Figure 2. ZC3H14splice variants can be detectedin vivo

A. The diagram depicts exons predicted for the ZC3H14 splice variants encoding ZC3H14 isoform 1 (Iso1), isoform 2 (Iso2), isoform 3 (Iso3), and isoform 4 (Iso4). The sequences and approximate positions of predicted classical NLS motifs (cNLSs) are indicated at the top of the diagram. The location of the antibody epitope used to generate the polyclonal ZC3H14 antibody is also indicated as is the approximate location of the tandem Cys₃His zinc finger domain (CCCH). Positions of primer pairs (1 and 2, 3 and 4) used to detect the splice variants are indicated at the bottom of the diagram. B. RT-PCR reactions (30 cycles) were performed on RNA isolated from HEK293 cells as described in Materials and Methods. Transcripts corresponding to ZC3H14 isoforms 1, 2, and 3 (Iso1, Iso2, Iso3) were detected using primer pair 1 and 2. Primer pair 3 and 4 was used to amplify the transcript corresponding to ZC3H14 isoform 4 (Iso4). Positions of the products corresponding to each splice variant are indicated. An additional band identified in the testes sample is indicated by the asterisk. This band likely reflects a ZC3H14 splice variant with additional alternative splicing of exons 10, 11, and 12. C. RT-PCR reactions were performed on RNA isolated from the mouse tissues indicated (kidney, liver, muscle, heart, brain, and testes). Isoform 1, 2 and 3 transcripts (Iso1, Iso2, Iso3) were detected using mouse primer pair 1 and 2 (see Figure 2A) with 30 cycles of amplification while the isoform 4 transcript (Iso4) was detected using mouse primer pair 3 and 4 with 60 cycles of amplification. The GAPDH transcript was amplified as a control for each tissue sample.

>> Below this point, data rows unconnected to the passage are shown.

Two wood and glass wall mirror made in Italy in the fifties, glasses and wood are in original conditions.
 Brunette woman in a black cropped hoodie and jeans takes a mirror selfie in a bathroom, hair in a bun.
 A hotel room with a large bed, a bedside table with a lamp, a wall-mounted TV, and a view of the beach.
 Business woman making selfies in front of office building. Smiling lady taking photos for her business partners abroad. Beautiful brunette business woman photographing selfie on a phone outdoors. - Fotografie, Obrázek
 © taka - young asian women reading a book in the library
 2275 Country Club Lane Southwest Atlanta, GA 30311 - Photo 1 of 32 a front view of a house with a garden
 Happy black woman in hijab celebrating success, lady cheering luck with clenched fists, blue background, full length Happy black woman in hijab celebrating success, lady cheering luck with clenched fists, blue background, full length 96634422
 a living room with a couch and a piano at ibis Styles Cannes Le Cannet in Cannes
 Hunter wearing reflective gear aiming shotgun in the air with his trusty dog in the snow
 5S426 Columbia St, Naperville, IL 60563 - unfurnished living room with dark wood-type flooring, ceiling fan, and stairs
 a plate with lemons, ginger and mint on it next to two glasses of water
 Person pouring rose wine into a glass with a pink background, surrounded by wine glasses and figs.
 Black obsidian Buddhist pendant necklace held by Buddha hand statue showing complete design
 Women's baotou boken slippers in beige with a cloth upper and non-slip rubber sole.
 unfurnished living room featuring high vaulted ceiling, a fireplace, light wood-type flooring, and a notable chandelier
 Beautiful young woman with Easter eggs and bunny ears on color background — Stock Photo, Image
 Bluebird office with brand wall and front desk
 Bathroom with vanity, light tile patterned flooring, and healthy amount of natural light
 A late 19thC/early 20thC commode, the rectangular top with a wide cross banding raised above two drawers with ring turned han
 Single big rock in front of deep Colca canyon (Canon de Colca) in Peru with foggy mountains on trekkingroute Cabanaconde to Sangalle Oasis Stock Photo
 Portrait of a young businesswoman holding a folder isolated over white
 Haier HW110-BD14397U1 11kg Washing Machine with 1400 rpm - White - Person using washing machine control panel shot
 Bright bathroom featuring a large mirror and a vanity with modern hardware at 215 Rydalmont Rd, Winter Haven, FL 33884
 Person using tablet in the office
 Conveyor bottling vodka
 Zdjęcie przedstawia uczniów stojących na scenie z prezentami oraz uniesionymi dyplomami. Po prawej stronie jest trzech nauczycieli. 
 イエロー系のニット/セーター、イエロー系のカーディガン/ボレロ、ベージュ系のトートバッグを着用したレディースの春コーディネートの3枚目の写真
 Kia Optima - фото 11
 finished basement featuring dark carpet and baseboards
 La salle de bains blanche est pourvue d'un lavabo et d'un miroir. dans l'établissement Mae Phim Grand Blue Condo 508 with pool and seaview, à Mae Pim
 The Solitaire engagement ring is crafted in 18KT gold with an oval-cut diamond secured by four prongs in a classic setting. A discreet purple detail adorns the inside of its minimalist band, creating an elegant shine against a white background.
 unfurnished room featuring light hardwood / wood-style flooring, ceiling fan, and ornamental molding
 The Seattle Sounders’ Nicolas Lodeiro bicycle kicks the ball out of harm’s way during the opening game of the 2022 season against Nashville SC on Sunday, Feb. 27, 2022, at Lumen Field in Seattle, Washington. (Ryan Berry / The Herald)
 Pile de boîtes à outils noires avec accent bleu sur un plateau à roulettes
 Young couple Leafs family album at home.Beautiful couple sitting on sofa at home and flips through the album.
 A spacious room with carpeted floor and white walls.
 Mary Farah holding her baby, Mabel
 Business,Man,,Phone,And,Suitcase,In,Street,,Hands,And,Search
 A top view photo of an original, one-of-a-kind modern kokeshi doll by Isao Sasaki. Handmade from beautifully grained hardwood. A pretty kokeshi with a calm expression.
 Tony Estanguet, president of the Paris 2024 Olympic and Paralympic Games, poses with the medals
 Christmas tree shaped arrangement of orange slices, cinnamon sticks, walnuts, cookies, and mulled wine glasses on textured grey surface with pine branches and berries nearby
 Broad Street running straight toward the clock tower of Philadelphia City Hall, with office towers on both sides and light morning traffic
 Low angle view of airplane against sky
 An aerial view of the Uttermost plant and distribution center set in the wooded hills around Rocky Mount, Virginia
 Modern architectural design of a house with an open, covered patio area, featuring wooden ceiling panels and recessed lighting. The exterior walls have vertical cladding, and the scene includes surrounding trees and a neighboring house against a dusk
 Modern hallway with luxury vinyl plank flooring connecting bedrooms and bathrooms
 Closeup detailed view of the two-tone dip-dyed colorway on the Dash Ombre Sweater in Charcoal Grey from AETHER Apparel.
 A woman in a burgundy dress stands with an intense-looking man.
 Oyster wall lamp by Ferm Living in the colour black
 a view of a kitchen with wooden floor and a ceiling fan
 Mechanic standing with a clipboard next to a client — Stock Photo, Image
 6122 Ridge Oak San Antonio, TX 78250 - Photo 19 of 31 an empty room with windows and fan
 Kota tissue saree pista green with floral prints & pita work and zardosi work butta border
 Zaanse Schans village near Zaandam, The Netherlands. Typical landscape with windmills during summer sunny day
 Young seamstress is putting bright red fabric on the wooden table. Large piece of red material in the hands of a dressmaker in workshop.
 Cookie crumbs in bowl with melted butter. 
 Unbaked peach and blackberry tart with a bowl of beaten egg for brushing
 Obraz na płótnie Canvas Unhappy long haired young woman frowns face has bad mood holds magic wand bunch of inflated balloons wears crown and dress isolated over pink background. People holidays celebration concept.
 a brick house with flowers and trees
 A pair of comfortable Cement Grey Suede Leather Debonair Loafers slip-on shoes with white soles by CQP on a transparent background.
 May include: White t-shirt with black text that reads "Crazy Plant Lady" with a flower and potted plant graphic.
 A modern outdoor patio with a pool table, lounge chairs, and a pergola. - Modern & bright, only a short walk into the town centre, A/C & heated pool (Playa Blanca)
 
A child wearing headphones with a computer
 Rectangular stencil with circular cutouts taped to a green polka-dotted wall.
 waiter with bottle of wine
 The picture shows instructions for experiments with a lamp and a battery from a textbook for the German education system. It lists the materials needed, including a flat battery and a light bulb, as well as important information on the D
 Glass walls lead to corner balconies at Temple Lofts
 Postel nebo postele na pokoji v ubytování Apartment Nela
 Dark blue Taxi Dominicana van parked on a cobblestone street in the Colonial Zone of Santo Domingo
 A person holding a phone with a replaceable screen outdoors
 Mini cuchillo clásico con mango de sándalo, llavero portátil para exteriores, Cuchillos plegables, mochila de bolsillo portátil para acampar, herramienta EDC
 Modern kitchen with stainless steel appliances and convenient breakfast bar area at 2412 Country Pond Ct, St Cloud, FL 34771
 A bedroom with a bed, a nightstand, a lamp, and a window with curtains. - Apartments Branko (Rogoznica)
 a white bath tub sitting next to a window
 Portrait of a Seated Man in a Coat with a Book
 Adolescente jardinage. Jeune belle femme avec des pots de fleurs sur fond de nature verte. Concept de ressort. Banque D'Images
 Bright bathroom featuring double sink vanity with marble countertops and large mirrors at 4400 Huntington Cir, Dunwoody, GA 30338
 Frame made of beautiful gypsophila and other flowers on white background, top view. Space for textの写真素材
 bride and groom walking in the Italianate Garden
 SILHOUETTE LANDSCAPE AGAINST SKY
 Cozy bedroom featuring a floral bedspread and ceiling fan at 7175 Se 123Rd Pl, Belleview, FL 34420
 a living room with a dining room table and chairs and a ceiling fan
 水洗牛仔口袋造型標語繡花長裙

Figure 3. The ZC3H14 gene encodes both nuclear and cytoplasmic isoforms

Plasmids encoding either ZC3H14 isoform 1-GFP or isoform 4-GFP were transiently transfected into HeLa cells. A. GFP fusion proteins were detected by immunoblotting cell lysates with anti-GFP antibody (Seedorf et al., 1999). B. Transfected HeLa cells were fixed and the localization of GFP fusion proteins was examined by directed GFP fluorescence microscopy (GFP) (green). Hoechst dye (blue) was used to stain DNA and indicate the position of the nucleus. A merged image is also shown.

Figure 4. Endogenous nuclear ZC3H14 colocalizes with nuclear speckles

A. Lysates from HeLa cells expressing either GFP or ZC3H14 isoform 1-GFP (Iso1-GFP) fusion protein were probed with polyclonal anti-ZC3H14 (α-ZC3H14) or anti-GFP (α-GFP) antibody. B. The localization of endogenous ZC3H14 (isoforms 1-3) in HeLa cells was determined by indirect immunofluorescence using the polyclonal anti-ZC3H14 antibody. Hoechst dye was used to stain DNA and indicate the position of the nucleus. The merge reveals that endogenous ZC3H14 (isoforms 1-3) is located in foci within the nucleus. A corresponding Phase image is also shown. C. ZC3H14 localizes to nuclear speckles in HeLa cells. ZC3H14 was detected with anti-ZC3H14 antibody (green) and nuclear speckles were labeled with anti-SC-35 antibody (red). Colocalization (yellow) is indicated in the merge panel. To assess whether ZC3H14 shows dynamics typical for nuclear speckle proteins, ZC3H14 was localized either prior to (-actinomycinD) or following (+actinomycinD) treatment with actinomycinD for 4 hr. As a control, the –actinomycinD sample was treated with DMSO, which is the solvent for actinomycinD. The merge image shows that nuclear ZC3H14 colocalizes (yellow) with nuclear speckles under all conditions examined.